Task brief =>
For this exercise, return only the lines in the records below from the one holding "Covid19 Protection CoronaVirus" through the one holding "TransformHQ Clear Protein", including both, exactly as they appear and without pictures.

Input records =>

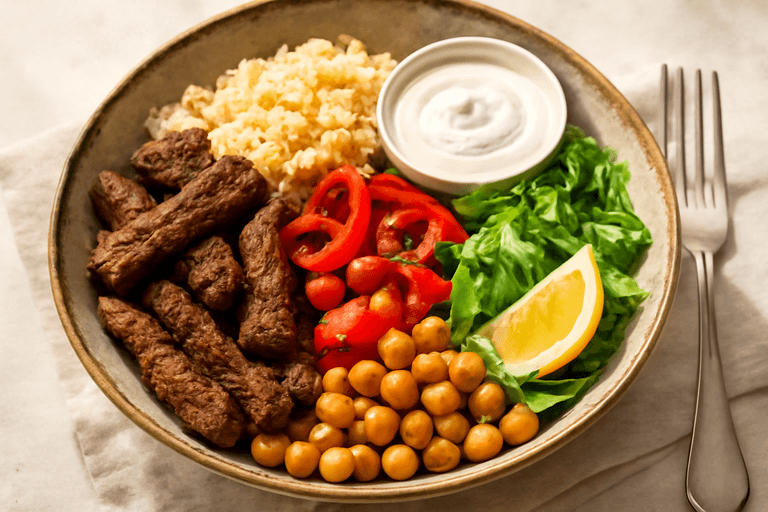 Proteinreicher Rinder-Bulgur-Bowl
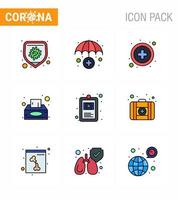 Covid19 Protection CoronaVirus Pendamic 9 Filled Line Flat Color icon set such as illness health medical clinical record tissue viral coronavirus 2019nov disease Vector Design Elements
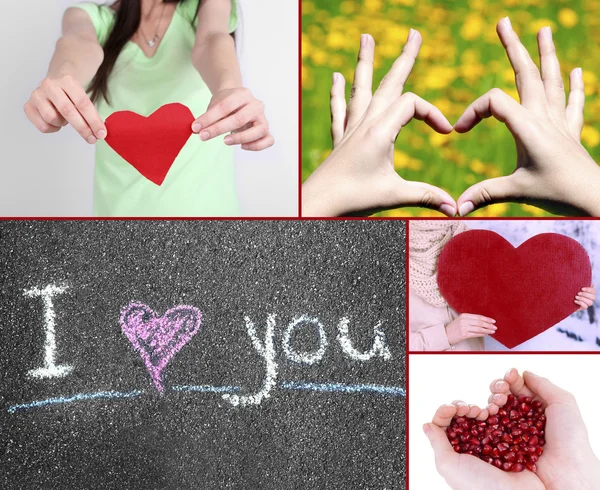 Collage de diferentes imágenes de corazones — Foto de Stock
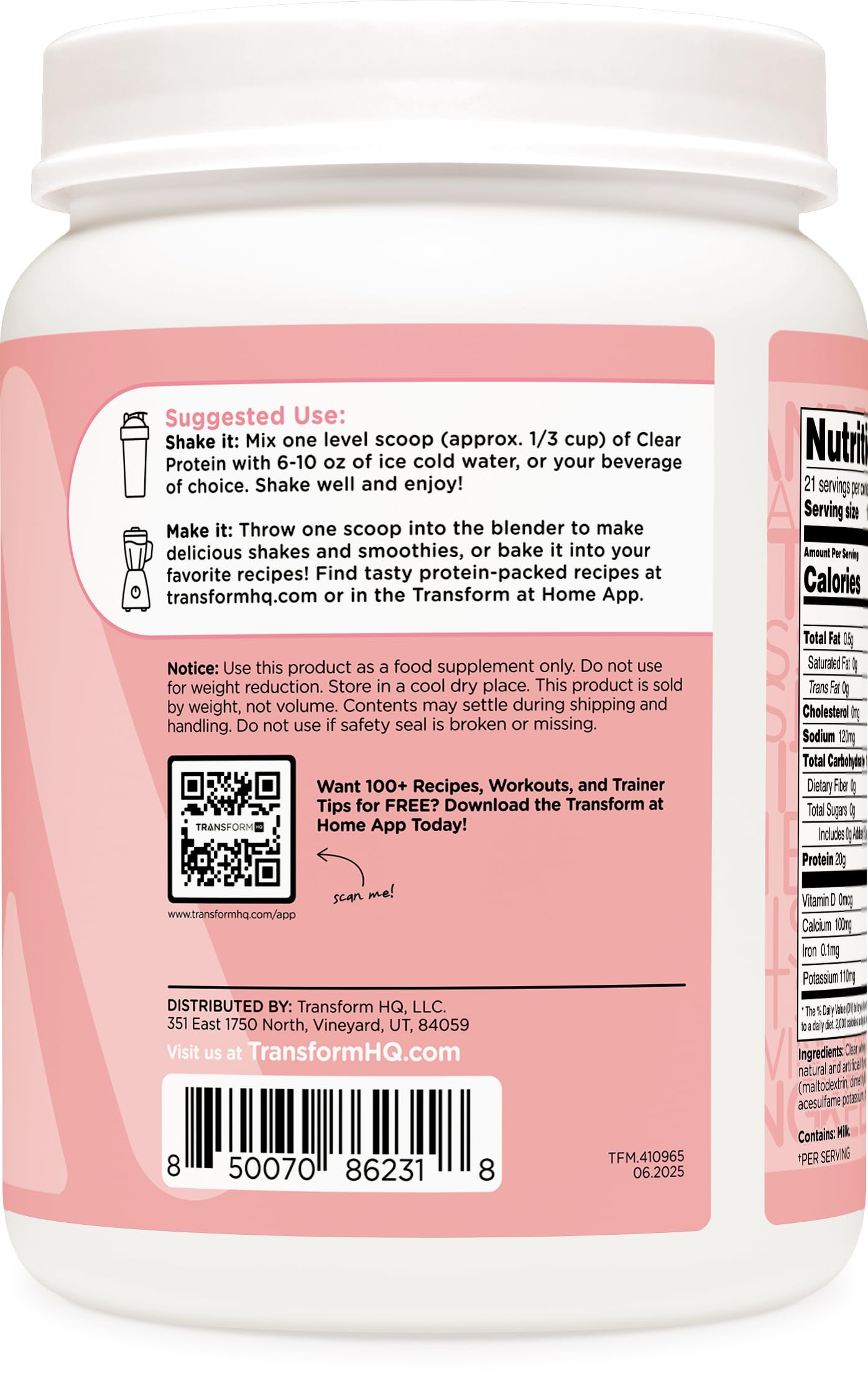 TransformHQ Clear Protein Powder (Cotton Candy) 18.8 oz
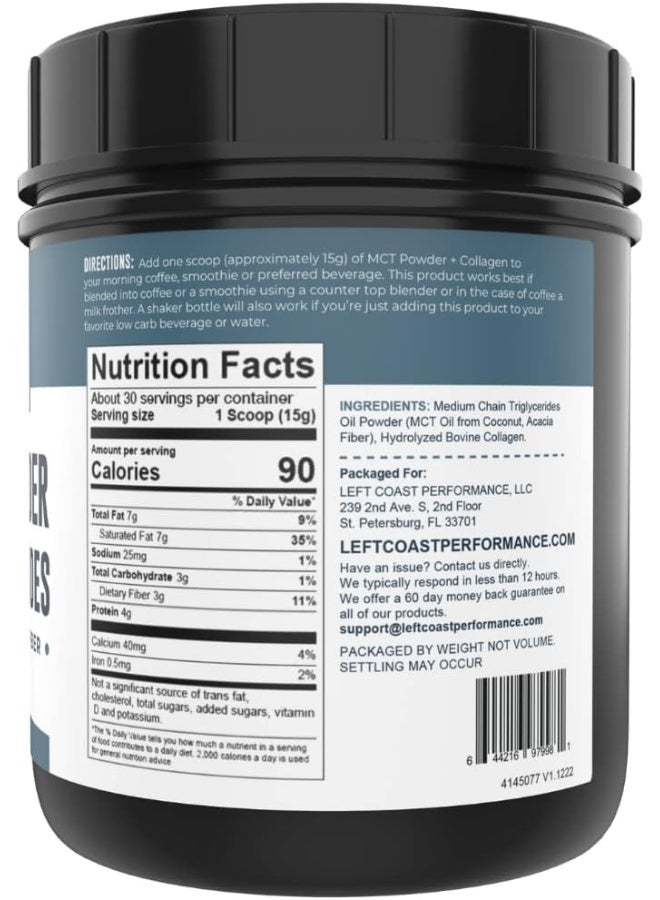 Left Coast Performance Mct Oil Powder + Keto Collagen Peptides + Acacia Fibre 16Oz (Unflavored) - Image 2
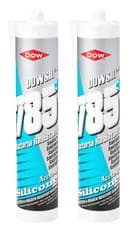 Image of Dowsil 785 White Silicone Sealant Bacteria Resistant Acetoxy 310ml x 2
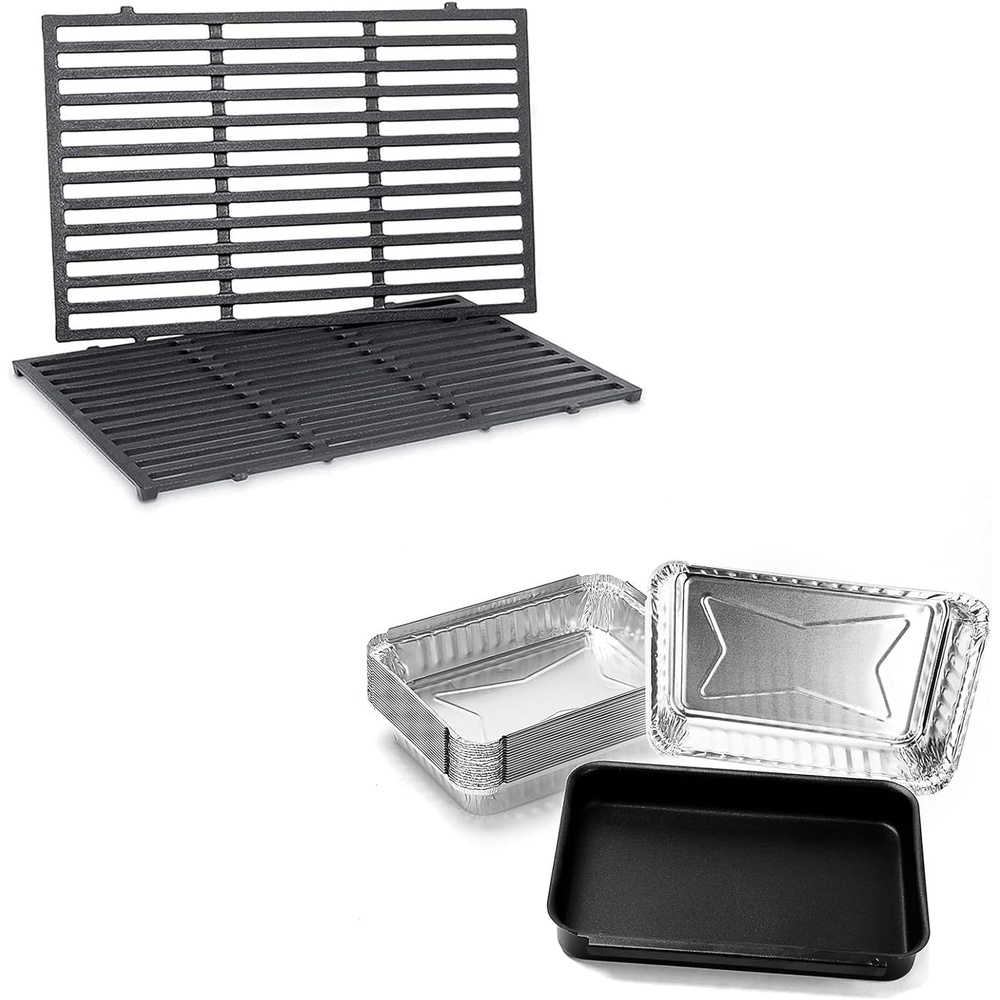 image:imageUniflasy 7524 Cooking Grates for Weber Genesis E and S 300 Series Genesis E310 E320 E330 S310 S320 S330 Gas Grill and 93305 Grill Catch Pan HolderDrip Pan for Weber Genesis II amp Spirit 23 Burners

Expected answer =>
 Covid19 Protection CoronaVirus Pendamic 9 Filled Line Flat Color icon set such as illness health medical clinical record tissue viral coronavirus 2019nov disease Vector Design Elements
 Collage de diferentes imágenes de corazones — Foto de Stock
 TransformHQ Clear Protein Powder (Cotton Candy) 18.8 oz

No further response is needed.